In one set of simulations that you might call the good old days, they set the normal interest rate at 6 percent, and then let the Fed adjust rates as economic conditions evolved. In that environment, interest rates hit zero only around 2 percent of the time. This accords with the reality that the lower limit on interest rates simply was not a problem until recently.

But times have changed. When the economists set the normal interest rate at 3 percent and let the Fed adjust interest rates as conditions warranted, rates moved down to zero percent and could not move any lower roughly a third of the time. In some of these cases, the economy didn’t need much extra punch, and so this slowed the recovery only a little. In others, it was a more telling constraint, and it took years for the economy to return to normal.

Their research paper, “Monetary Policy in a Low Interest Rate World,” which was presented at a recent meeting of the Brookings Papers on Economic Activity, explains why this is so worrisome.

The problem is that a lower bound on interest rates creates a sharp asymmetry in how the economy works: It’s relatively easy for the Fed to cool an overheating economy by raising rates. But when the economy is already cooling down, the central bank may not be able to cut rates enough to prevent a recession or to spur a strong recovery. Downturns will be deeper and more common than upswings. This means that, on average, output will be lower than it needs to be — perhaps more than a percentage point lower — and inflation will be lower than the Fed’s 2 percent target. Joblessness will be more common, particularly during slumps.

It is crucial, therefore, that macroeconomic policy adjusts to these problems before the next downturn hits.

The Fed has already been experimenting with monetary policy, but it hasn’t been enough. In the wake of the financial crisis, for example, it bought bonds in a program known as quantitative easing, cutting long-term interest rates once short-term rates were near zero. The resulting stimulus was relatively small, reducing long-term rates by only a fraction of a percentage point, and the program was politically unpopular.
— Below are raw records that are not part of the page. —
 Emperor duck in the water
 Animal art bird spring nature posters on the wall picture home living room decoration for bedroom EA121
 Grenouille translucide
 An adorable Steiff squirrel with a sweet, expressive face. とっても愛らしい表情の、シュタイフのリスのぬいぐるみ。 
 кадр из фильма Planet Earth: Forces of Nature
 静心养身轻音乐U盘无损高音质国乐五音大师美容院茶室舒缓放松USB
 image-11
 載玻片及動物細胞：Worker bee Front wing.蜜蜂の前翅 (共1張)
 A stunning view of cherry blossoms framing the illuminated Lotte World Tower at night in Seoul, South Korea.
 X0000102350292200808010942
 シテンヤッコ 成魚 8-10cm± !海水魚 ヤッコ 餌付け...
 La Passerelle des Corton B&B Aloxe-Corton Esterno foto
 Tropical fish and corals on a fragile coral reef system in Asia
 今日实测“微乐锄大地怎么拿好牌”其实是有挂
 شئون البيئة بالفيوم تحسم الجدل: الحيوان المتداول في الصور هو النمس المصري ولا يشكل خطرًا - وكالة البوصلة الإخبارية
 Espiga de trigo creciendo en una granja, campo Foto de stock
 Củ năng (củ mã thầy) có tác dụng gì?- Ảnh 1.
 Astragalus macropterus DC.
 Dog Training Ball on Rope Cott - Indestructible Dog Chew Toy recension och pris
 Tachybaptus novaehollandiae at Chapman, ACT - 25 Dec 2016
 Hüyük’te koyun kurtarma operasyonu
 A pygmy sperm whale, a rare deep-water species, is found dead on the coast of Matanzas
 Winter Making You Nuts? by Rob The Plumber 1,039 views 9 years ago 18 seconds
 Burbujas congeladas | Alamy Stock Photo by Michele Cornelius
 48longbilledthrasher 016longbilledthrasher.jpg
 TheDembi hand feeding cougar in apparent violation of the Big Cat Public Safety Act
The authors suggest an alternative approach in which the Fed makes up for “missing stimulus” by promising to keep rates lower, for longer periods. In their view, the Fed needs to make up for the interest rate cuts that it wishes it could have made, but couldn’t. Promising this in the depths of a downturn would offer businesses reason to be optimistic, they say, boosting the recovery. The Fed would need to keep rates low, even as inflation overshot its target.

It’s a promising approach, but would people really believe the Fed’s promises? I know a lot of central bankers, and I fear they are incapable of sitting still while inflation rises above their stated target.

Perhaps the answer lies outside the Fed. It may be time to revive a more active role for fiscal policy — government spending and taxation — so that the government fills in for the missing stimulus when the Fed can’t cut rates any longer. Given political realities, this may be best achieved by building in stronger automatic stabilizers, mechanisms to increase spending in bad times, without requiring Congressional action.

There’s an opportunity to wed this to President Trump’s desire for more infrastructure spending. Rather than building more roads today as the economy approaches full employment, we should spend more when the economy is weak and the Fed is unable to provide enough stimulus. One way that this could be done is by automatically increasing the Highway Trust Fund when the federal funds rate hits zero and perhaps ramping up spending the longer that rates are stuck there. More roads would be built when they do the most good for the economy.

This idea reverses a decades-long trend away from active fiscal policy. The general distrust of fiscal policy may well have made sense; many economists are more likely to trust the technocrats at the Fed to manage the business cycle than the election-driven politicians on Capitol Hill. But in a world of low interest rates in which the Fed is frequently hamstrung, we may not have that choice.